PROBLEM TO SOLVE:
Extract, word for word, each line from the line holding "Bicicleta GT Avalanche" through the end of the records. Omit every picture.

------ MATERIAL FOR THIS EXERCISE

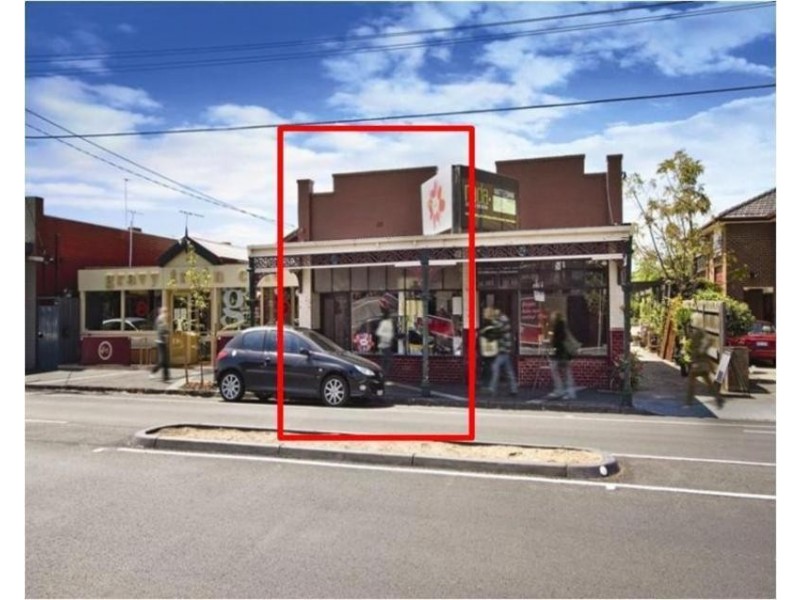 Shop 3/83  Gamon Street, Yarraville VIC 3013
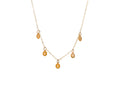 Stargazer Choker - Gold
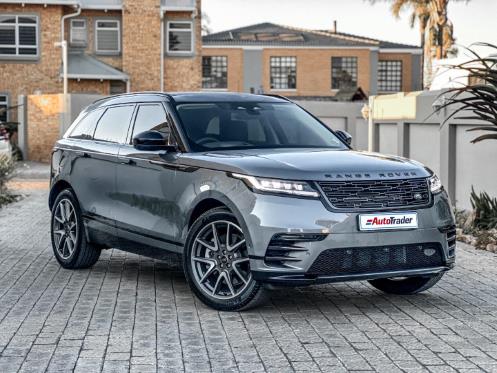 Range Rover Velar D300 Autobiography (2025) Review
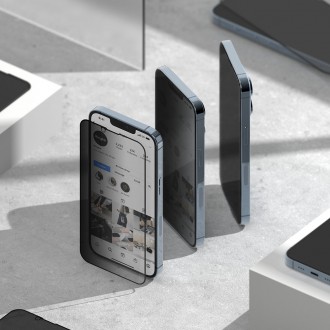 Ringke privatization tempered glass for iPhone 14 Plus / iPhone 13 Pro Max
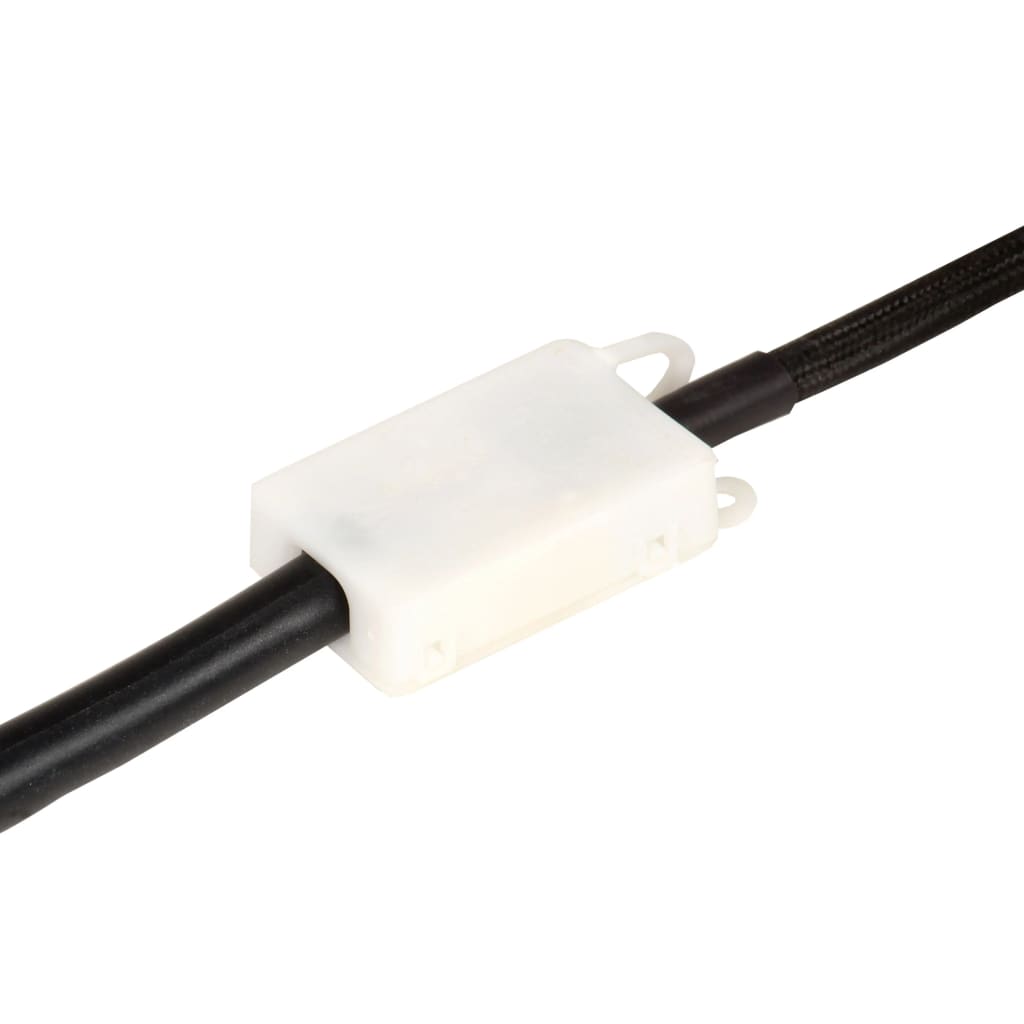 Industrial Wall Lamp White 90x25 cm E27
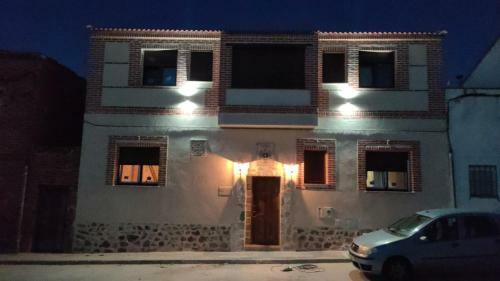 Casa Rural Ba�os Del Rey De Avila
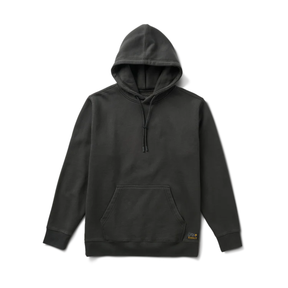 Roark Roark Men's Bolo Fleece - Onyx Onyx M Mens Pullover Hoodies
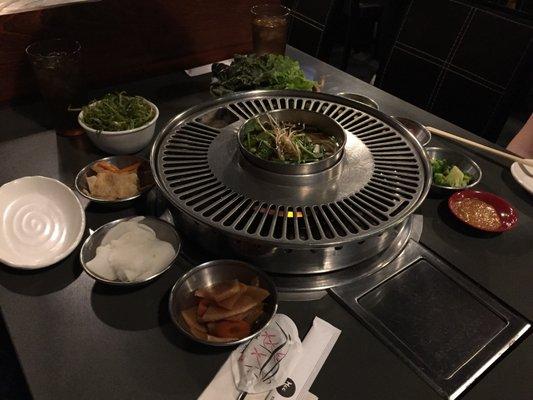 Craving Korean BBQ in NYC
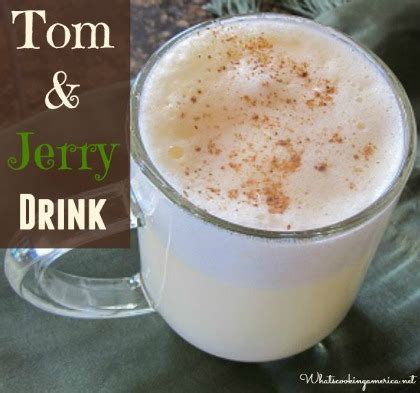This is a holiday drink that my family enjoys in the winter. Tom and Jerry Batter Mix and Cocktail Drink Recipe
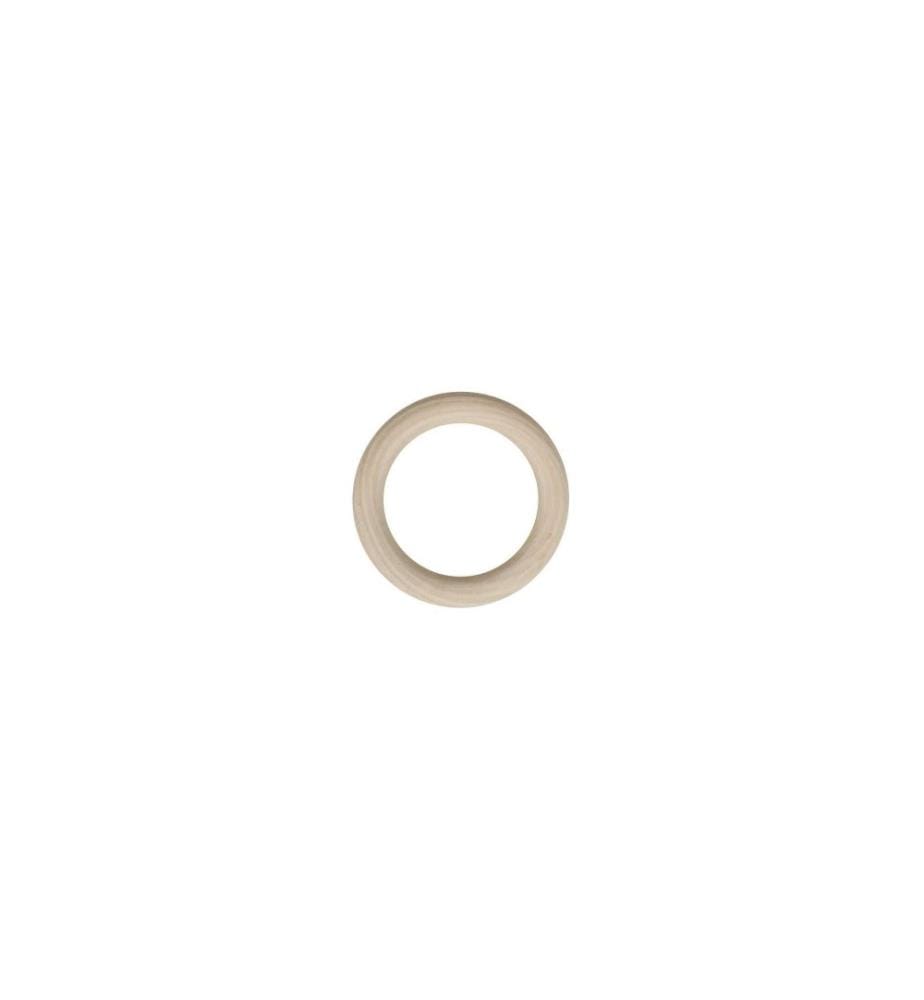 GLOREX - Holzartikel Ø 10 cm, 1 Stück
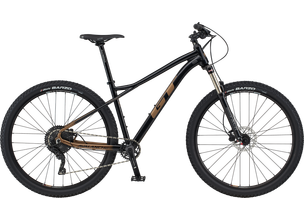 Bicicleta GT Avalanche Elite Satin Black Bronze Gloss
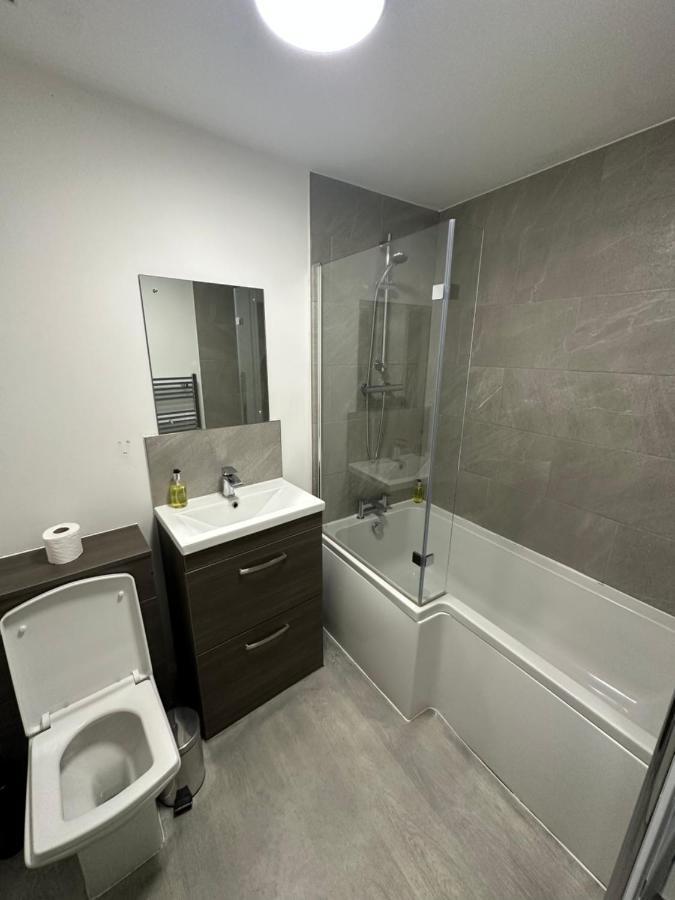 Rooms 24 Manchester Esterno foto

------------

YOUR RESPONSE:
 Bicicleta GT Avalanche Elite Satin Black Bronze Gloss
 Rooms 24 Manchester Esterno foto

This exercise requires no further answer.